L’Italia ha verosimilmente agito sotto un ricatto a testata multipla. Da una parte la Libia avrebbe potuto agevolare lo sbarco di migranti sulle nostre coste meridionali. Dall’altra, il generale Almasri avrebbe potuto rivelare ulteriori particolari sugli accordi – non solo con l’Italia – che hanno fatto del Paese nordafricano un cuscinetto tra le ondate migratorie e l’Europa. Questa politica di contenimento non è una prerogativa del governo Meloni. Fu avviata da Marco Minniti, ministro dell’Interno del governo di centrosinistra guidato da Paolo Gentiloni. Nel 2017 fu un accordo con il governo di Fayez Al Farraj e 60 tribù libiche favorì tra l’altro l’invio alla Guardia costiera libica di 10 motovedette utilizzate per arrestare i migranti che tentavano di attraversare il Mediterraneo. Sui giornali di ieri campeggiava la testimonianza di uno di questi, deportato nel centro di detenzione di Mitiga, sottoposto a violenze e sevizie guidate da proprio da Almasri, capace di uccidere a colpi di pistola chiunque non scattasse all’ordine di alzarsi o mettersi a sedere. Chi aveva già pagato per traversata veniva costretto a chiedere a casa altri soldi per poter restare vivo. All’intesa sottoscritta da Minniti se n’è aggiunta nel 2023 un’altra voluta dal governo Meloni.

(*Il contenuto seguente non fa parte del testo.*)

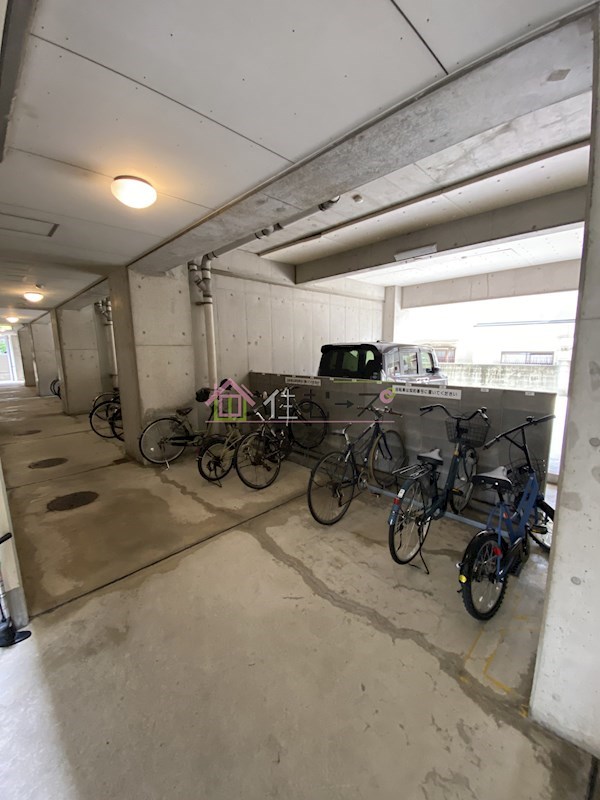 ノルデンハイム淡路 その他外観2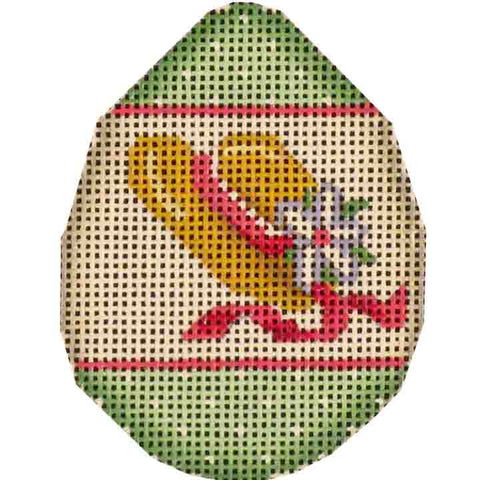 Bonnet Egg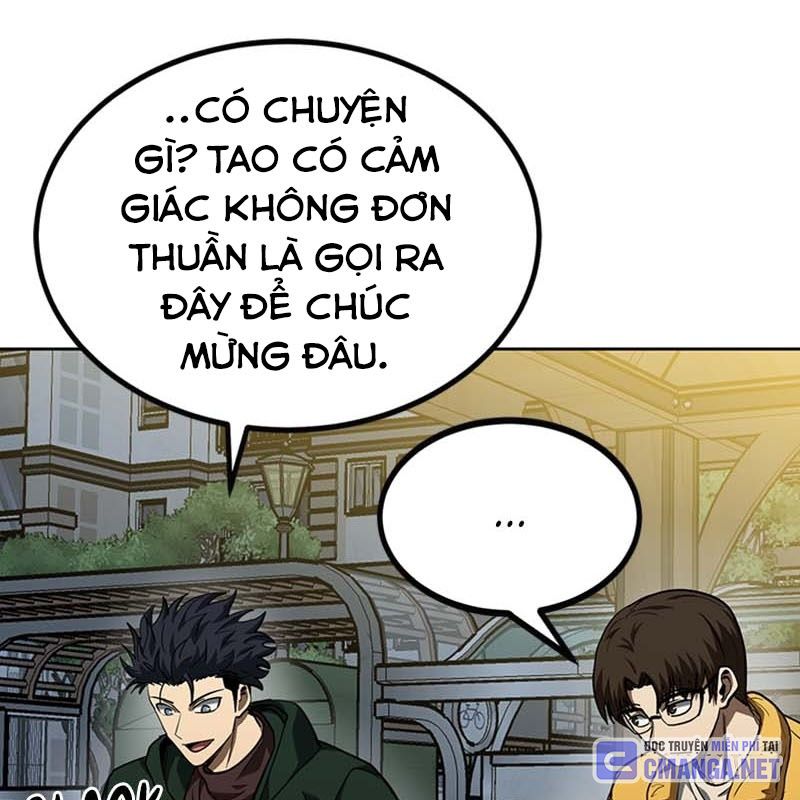 Vua Võ Đài Chapter 62 - Trang 26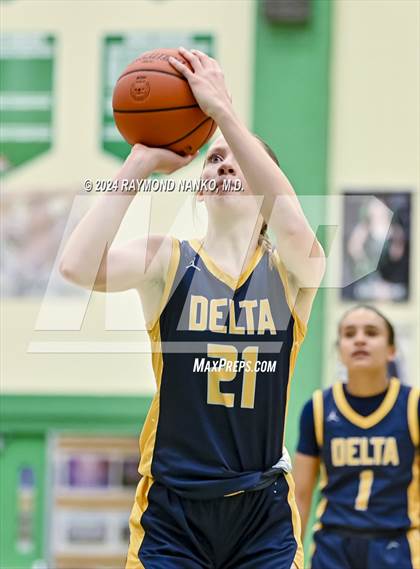 Thumbnail 1 in Delta @ Yorktown photogallery.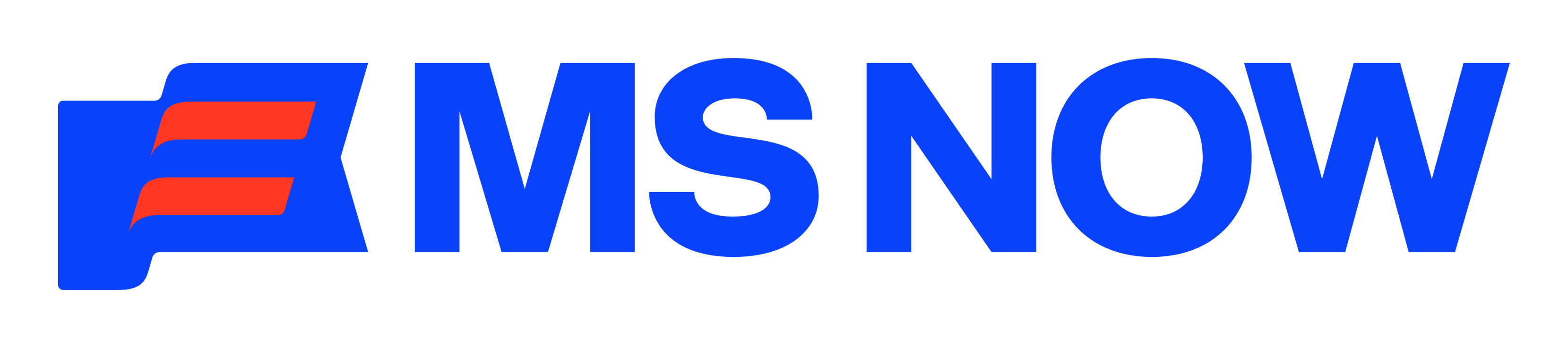 MSN logo on a transparent background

Il risultato è paradossale. Chi dichiara di voler dare la caccia ai trafficanti di uomini oggi probabilmente se li trova davanti ai tavoli negoziali con la Libia. Ed è chiaro che qualsiasi provvedimento giudiziario, nazionale o internazionale, risulta indigesto per il governo Meloni. Di questa profonda insofferenza verso l’azione giudiziaria penale si è fatto interprete pochi giorni fa il ministro della Giustizia Carlo Nordio, definendo i pubblici ministeri “superinvestigatori senza controllo” e smentendo clamorosamente quanto aveva dichiarato alla Camera, in sede di approvazione della legge sulla separazione delle carriere dei magistrati inquirenti e requirenti: la loro indipendenza, aveva detto, è prevista esplicitamente dal testo che ora dovrà essere esaminato al Senato. Ma che senso ha lamentare l’assenza di controllo sul lavoro della pubblica accusa e contemporaneamente farsi paladino di una legge che, a detta del ministro, ne tutela l’indipendenza? La vicenda Almasri conferma che la stessa giustizia penale internazionale, quella che si occupa di genocidi e crimini contro l’umanità, è considerata dal governo una spina da estirpare o eludere. L’unico verbo accettato è quello dell’esecutivo. Così ha fatto capire il ministro Antonio Tajani.